The Promises and Pitfalls of Personalisation
How education theory keeps examples valid across contexts
I’m amused that my job as a (mostly) statistician centres on something I disliked at school and during my first degree. Real mathematics felt like solving cool logic puzzles; statistics felt like memorising tedious if–then rules for contrived scenarios about socks in drawers or the heights of children. At school, I didn’t care about socks or height - I loved music and politics. Imagine if I’d learnt statistics solely through examples from music and politics. Would I have loved it sooner? The question matters now because AI promises personalised tutors that connect dry subjects to students’ real interests.
Personalised examples have other potential benefits beyond agency and engagement. Anchoring to familiar contexts may aid initial comprehension and retrieval cues. The tech world is excited. If the education theorists of the last century were alive to see this, they might be rather less so. I hope to show you why.

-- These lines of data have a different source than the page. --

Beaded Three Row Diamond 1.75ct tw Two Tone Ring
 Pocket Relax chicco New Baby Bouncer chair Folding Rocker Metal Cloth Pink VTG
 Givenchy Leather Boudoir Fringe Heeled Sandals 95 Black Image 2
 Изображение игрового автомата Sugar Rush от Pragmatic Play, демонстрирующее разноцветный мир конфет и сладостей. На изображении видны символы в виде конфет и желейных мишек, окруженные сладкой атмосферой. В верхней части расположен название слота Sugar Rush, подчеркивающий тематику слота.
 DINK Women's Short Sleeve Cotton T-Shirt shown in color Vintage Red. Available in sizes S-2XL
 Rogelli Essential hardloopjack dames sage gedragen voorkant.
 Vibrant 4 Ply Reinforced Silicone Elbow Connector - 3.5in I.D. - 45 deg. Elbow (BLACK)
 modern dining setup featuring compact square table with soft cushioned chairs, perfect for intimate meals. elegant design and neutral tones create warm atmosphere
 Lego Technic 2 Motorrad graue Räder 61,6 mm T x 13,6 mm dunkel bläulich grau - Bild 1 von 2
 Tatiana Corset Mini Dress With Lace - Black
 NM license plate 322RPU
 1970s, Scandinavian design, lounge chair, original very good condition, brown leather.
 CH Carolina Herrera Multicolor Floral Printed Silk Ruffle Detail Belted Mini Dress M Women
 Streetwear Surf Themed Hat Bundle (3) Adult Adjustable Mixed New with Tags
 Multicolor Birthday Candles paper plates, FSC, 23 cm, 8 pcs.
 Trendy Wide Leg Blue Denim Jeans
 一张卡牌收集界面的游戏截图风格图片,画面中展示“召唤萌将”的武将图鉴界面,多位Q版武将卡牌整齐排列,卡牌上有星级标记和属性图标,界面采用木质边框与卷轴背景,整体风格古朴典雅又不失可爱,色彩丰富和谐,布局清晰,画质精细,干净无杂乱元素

In this post, I’ll show when personalisation helps, when it inadvertently breaks the very thing we are trying to learn, and how to tell the difference.
What to ask before you personalise
Teachers often develop a strong instinct for when a football story will help pupils grasp means in maths and when it will muddy migration in geography. That intuition is forged through disciplinary training and years of trial and error with examples in the classroom. If AI tutors and learning platforms are to choose suitable examples, we must turn those tacit judgements into an explicit, reusable framework. This is where education theory helps.
The call on whether a personalised example will help or hinder is nuanced, and many educational theorists have valuable things to say. In this post, I’ll focus on three who do most of the heavy lifting for these decisions: Marton, Maton, and Messick. They explain what must stay constant across examples, when context should travel or be constrained, and how to keep our judgments faithful to the thing we intend to teach.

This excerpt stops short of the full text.